NCPS | Businesses ill-equipped to deal with growing mental health…

Businesses are woefully ill-equipped to deal with increasing mental health issues in the workplace, a new study has found.

More than half of business leaders have been approached by staff with mental health issues but just 14 per cent of companies have a formal policy in place to deal with the problem, according to a survey by the Institute of Directors. One in five large company directors didn’t even know whether they had a policy at all.

The number of days taken off work with mental health problems increased 25 per cent between 2014 and 2015 according to the Office for National Statistics.

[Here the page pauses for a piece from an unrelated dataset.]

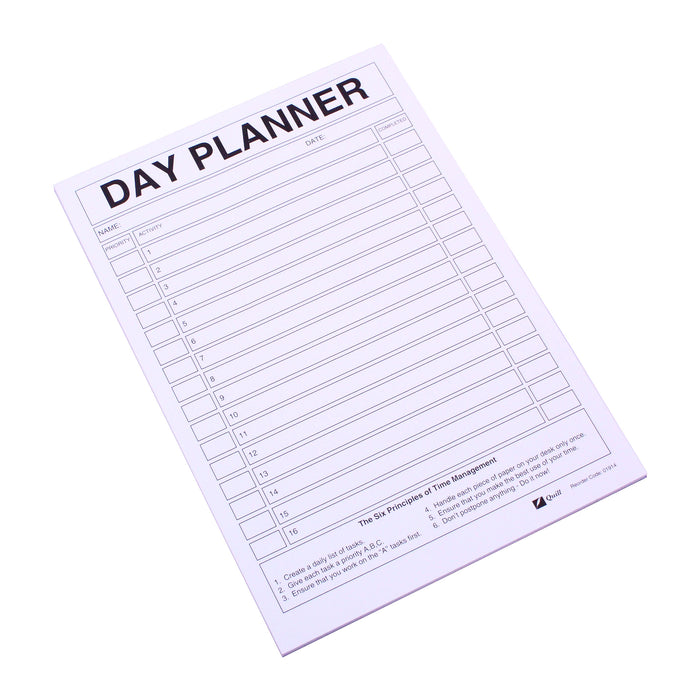 Quill Day Planner Pad 70gsm A4 50 Leaf White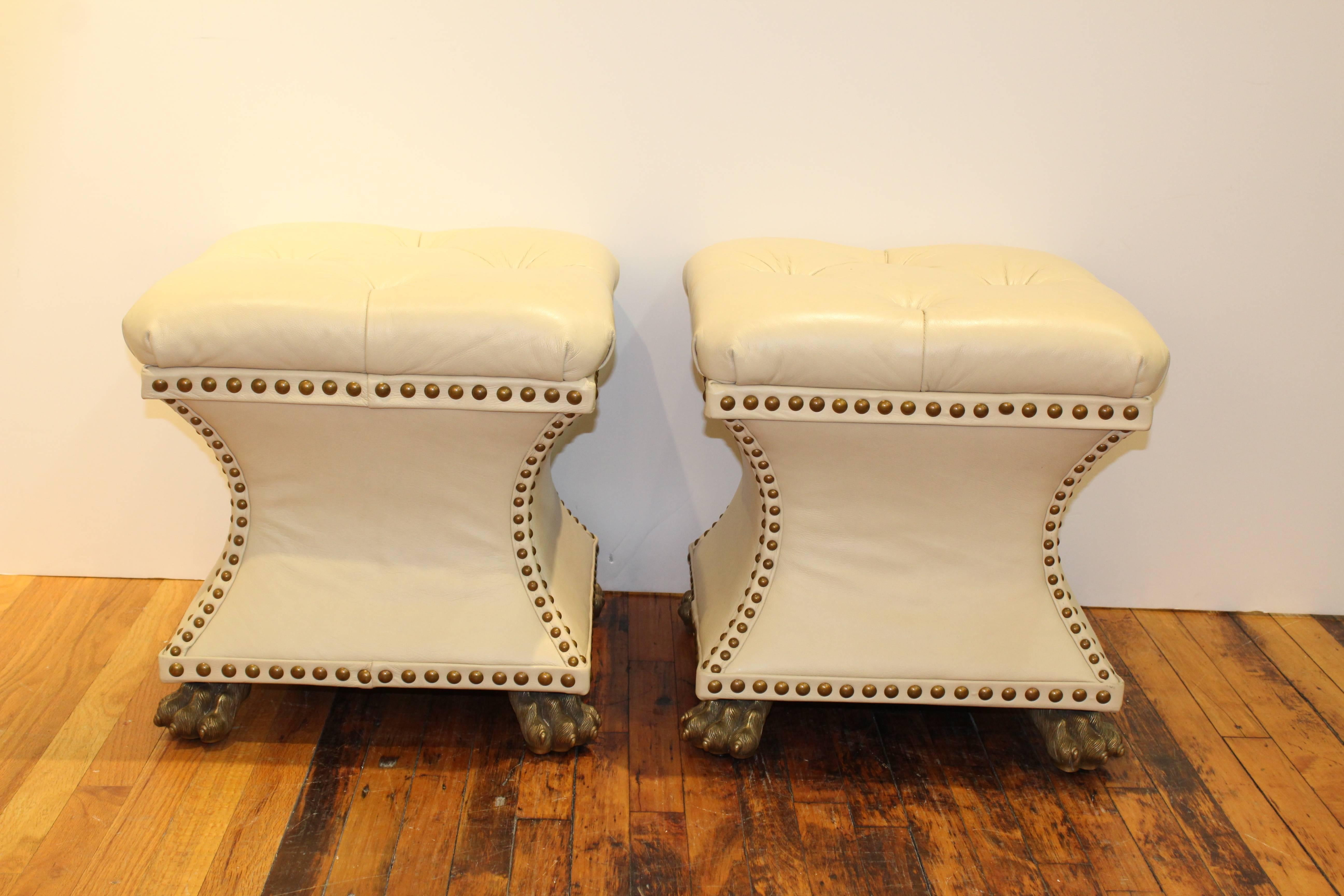 Hollywood Regency Pair of Maitland Smith Leather Benches with Brass Feet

Stress, depression and anxiety taken together are now the largest reason for workplace absence, the IoD found.

The report comes days after Conservative MP George Freeman, head of the Number 10 policy unit, suggested that people “taking pills at home, who suffer from anxiety” should not be entitled to disability benefits as such payments should be reserved for “really disabled people”.

The IoD report said mental health is not just a moral issue, but a business issue that could cost the UK as much as 4.5 per cent in GDP through lost working hours, productivity losses, higher benefit payments and the increased cost to the NHS. It said 127 million hours of work were lost in 2015 due to mental health-related absence - the equivalent of around 75,000 individuals losing the entire working year.

Over 70 per cent of people think Britain has become a less happy place than it was just a year ago, the report said.

While the reasons for the sharp rise are hard to definitively prove, the report suggested a number of factors have combined, including people living increasingly isolated lives, the rise in social media use, recent political turmoil and an “always-on culture” that means the stresses of work are hard to escape.

To combat the problem, the IoD recommended business leaders should implement formal mental health and well-being policies and give non-executive directors the specific responsibility to ensure mental health is monitored across organisations.

Government should trial a training scheme for small businesses to develop policies around mental health and ensure that the issue is no longer taboo, the body recommended.

There is some evidence that companies are taking on board such advice.

Mark Atkinson is health and safety manager for Clugston, one of the largest private engineering contractors in the UK. The industry has traditionally been more reluctant than others to take have conversations about stress, he said, but it now puts the issue on an equal footing with physical health and safety. “One thing is clear,” he told the IoD, “while employers have a real duty of care on mental health, there’s a business case too. A less stressed, happier workforce is invariably a more productive one.”